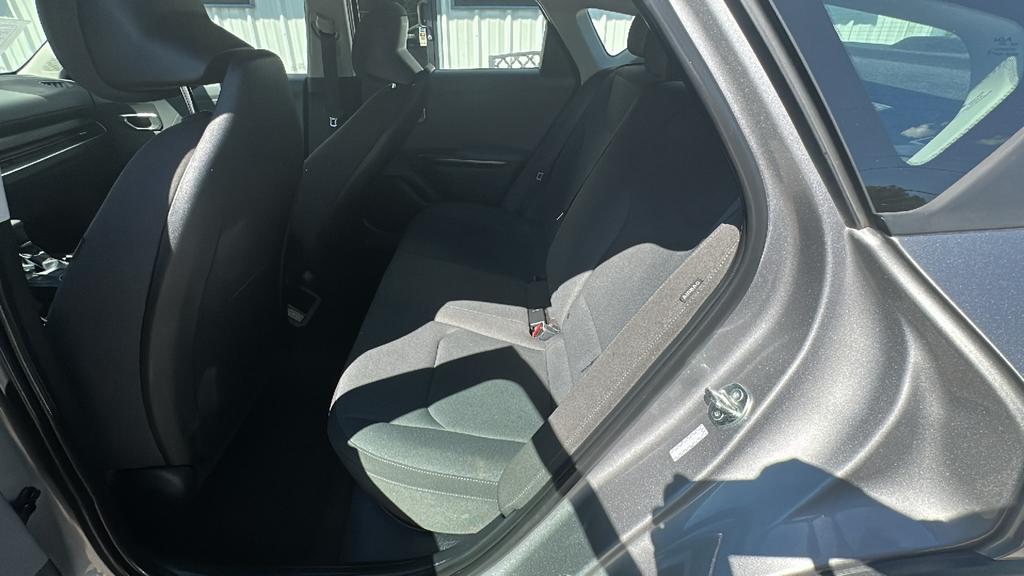 2025 Kia K4 LXS - Photo 13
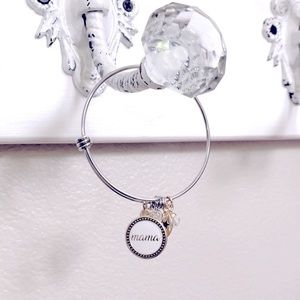 “Mama” expandable bracelet 💗NWOT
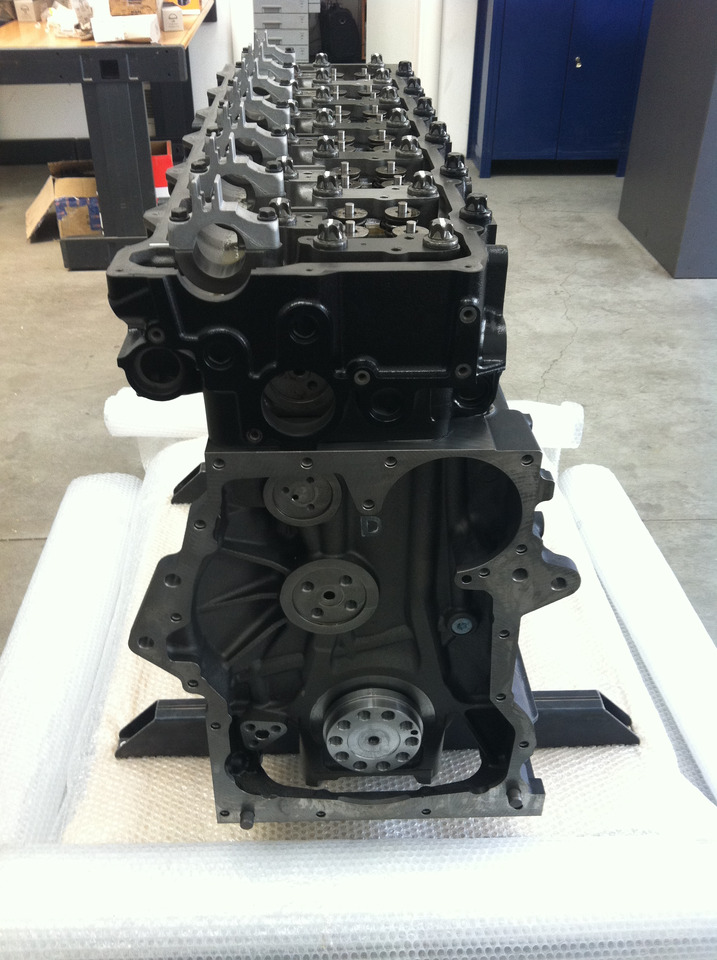 MOTORE MAN D2066LOH28 - Motor: foto 4 MOTORE MAN D2066LOH28 - Motor: foto 4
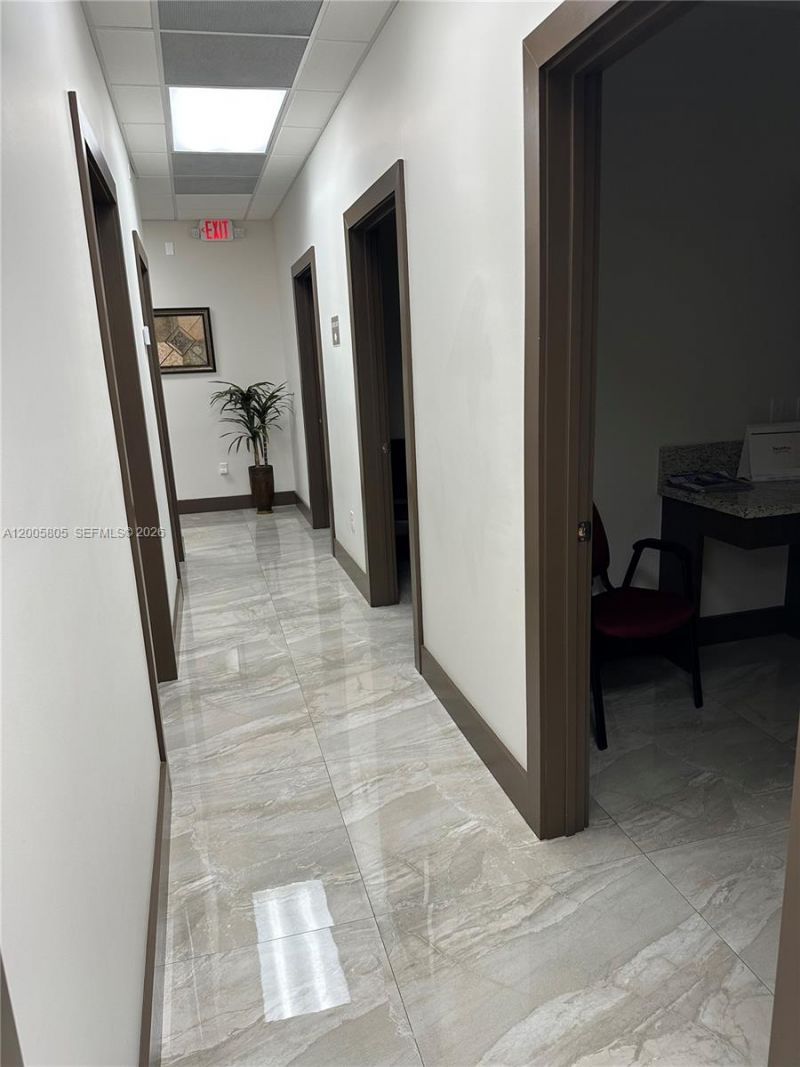 1601 N Palm Ave, Unit 311, Pembroke Pines, FL 33026 Photo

● **YOUR TASK**
All of the material above needs to be restated exactly, with no pictures.

● **ANSWER**
 2025 Kia K4 LXS - Photo 13
 “Mama” expandable bracelet 💗NWOT
 MOTORE MAN D2066LOH28 - Motor: foto 4 MOTORE MAN D2066LOH28 - Motor: foto 4
 1601 N Palm Ave, Unit 311, Pembroke Pines, FL 33026 Photo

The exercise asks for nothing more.